■ PROMPT
Exactly the lines from the top of the records below through the one containing "Pèse-lettres en laiton" must be set down, with no line added or dropped.

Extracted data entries
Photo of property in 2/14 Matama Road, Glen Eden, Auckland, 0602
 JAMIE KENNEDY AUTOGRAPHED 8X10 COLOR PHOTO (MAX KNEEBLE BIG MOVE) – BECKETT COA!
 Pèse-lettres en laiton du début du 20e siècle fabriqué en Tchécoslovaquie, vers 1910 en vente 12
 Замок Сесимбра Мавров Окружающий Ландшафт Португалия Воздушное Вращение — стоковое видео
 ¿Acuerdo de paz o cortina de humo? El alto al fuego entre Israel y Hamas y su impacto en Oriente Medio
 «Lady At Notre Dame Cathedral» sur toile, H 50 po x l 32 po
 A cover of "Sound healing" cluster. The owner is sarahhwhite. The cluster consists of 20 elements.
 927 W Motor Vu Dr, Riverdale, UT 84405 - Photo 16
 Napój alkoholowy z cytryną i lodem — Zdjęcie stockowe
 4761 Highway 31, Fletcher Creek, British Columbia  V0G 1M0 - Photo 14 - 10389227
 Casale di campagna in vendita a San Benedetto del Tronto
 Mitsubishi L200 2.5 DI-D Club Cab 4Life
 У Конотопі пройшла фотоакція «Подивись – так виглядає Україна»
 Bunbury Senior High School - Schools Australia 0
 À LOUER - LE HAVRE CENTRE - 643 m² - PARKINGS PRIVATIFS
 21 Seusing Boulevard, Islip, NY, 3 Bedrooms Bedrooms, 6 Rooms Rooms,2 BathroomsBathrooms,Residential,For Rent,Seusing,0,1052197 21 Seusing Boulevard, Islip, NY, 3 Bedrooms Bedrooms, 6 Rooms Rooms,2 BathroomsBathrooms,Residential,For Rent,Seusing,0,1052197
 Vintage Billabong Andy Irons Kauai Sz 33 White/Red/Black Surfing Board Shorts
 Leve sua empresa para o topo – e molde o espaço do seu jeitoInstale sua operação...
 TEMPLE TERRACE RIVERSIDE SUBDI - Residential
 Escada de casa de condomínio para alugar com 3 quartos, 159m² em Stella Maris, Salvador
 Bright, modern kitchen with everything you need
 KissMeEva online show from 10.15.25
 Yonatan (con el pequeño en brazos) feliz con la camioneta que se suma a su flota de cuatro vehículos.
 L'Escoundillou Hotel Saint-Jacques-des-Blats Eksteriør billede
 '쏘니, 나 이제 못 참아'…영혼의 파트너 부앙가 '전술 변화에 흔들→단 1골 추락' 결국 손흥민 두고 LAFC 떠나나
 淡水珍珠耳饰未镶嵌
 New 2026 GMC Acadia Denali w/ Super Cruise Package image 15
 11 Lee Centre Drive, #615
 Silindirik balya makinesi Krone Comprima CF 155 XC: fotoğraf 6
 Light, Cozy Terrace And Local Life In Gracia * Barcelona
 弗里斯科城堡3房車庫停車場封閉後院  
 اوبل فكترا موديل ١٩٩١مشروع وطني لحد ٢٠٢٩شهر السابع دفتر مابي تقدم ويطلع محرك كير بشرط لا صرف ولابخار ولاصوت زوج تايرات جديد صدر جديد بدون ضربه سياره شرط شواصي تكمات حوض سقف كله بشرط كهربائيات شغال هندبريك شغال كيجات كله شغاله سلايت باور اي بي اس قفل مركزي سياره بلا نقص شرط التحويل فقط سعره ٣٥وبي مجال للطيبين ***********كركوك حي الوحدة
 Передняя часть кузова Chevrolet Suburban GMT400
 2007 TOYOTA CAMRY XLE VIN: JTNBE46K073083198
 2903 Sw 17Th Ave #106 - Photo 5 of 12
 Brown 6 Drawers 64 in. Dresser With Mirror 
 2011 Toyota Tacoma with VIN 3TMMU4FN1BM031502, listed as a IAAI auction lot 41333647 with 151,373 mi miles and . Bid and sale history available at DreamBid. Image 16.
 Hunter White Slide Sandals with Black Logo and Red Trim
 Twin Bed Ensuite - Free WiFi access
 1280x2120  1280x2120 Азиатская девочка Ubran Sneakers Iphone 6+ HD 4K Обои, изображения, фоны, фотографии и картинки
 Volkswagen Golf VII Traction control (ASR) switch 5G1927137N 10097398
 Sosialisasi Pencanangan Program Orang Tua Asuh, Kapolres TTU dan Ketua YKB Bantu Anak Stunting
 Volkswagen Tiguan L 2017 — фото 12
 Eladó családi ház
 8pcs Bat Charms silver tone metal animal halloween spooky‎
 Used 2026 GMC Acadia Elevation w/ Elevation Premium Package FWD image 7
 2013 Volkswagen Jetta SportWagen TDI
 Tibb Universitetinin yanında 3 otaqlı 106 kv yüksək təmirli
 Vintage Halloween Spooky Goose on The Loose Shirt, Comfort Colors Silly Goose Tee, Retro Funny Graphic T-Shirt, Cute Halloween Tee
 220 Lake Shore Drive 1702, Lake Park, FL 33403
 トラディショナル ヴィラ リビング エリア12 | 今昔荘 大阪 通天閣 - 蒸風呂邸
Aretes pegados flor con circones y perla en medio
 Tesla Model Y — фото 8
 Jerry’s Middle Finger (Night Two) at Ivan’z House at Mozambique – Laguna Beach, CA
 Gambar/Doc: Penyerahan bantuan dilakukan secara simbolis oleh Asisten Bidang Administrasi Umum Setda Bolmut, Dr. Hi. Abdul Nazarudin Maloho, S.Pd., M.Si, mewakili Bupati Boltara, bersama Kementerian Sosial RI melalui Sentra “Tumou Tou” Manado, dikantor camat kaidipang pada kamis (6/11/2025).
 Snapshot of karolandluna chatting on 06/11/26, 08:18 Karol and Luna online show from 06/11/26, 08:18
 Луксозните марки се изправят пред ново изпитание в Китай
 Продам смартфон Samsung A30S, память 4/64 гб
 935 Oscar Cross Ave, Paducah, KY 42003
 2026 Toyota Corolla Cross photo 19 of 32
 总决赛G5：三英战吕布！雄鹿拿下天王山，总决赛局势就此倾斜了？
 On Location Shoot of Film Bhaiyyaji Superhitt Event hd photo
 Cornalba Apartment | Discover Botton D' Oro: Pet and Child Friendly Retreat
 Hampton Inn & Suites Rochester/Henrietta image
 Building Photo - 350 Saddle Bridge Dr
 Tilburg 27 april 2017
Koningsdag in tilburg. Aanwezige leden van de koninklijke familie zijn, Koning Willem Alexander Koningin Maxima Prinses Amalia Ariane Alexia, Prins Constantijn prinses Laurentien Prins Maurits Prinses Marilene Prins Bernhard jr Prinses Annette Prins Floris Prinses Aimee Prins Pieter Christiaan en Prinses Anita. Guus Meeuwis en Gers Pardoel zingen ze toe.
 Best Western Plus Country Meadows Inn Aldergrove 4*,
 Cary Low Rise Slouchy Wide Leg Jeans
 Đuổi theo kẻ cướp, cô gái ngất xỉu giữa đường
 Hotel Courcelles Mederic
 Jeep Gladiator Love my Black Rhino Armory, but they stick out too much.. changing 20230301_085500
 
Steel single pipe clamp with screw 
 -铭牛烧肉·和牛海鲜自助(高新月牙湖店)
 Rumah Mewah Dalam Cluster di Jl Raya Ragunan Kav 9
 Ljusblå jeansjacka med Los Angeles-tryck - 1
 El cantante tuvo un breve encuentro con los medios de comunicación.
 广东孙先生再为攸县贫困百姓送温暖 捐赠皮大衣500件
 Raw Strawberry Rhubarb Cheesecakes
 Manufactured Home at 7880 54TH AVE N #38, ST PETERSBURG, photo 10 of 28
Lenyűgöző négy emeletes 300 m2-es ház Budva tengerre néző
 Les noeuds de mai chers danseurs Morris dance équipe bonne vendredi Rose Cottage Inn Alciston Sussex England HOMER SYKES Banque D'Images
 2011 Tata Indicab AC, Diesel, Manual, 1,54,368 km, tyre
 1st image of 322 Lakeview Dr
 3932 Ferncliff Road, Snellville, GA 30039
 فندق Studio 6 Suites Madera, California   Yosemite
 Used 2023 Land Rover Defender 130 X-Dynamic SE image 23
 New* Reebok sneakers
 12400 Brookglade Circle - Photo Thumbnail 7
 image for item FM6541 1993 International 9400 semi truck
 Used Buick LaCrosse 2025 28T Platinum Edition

■ ANSWER BOX
Photo of property in 2/14 Matama Road, Glen Eden, Auckland, 0602
 JAMIE KENNEDY AUTOGRAPHED 8X10 COLOR PHOTO (MAX KNEEBLE BIG MOVE) – BECKETT COA!
 Pèse-lettres en laiton du début du 20e siècle fabriqué en Tchécoslovaquie, vers 1910 en vente 12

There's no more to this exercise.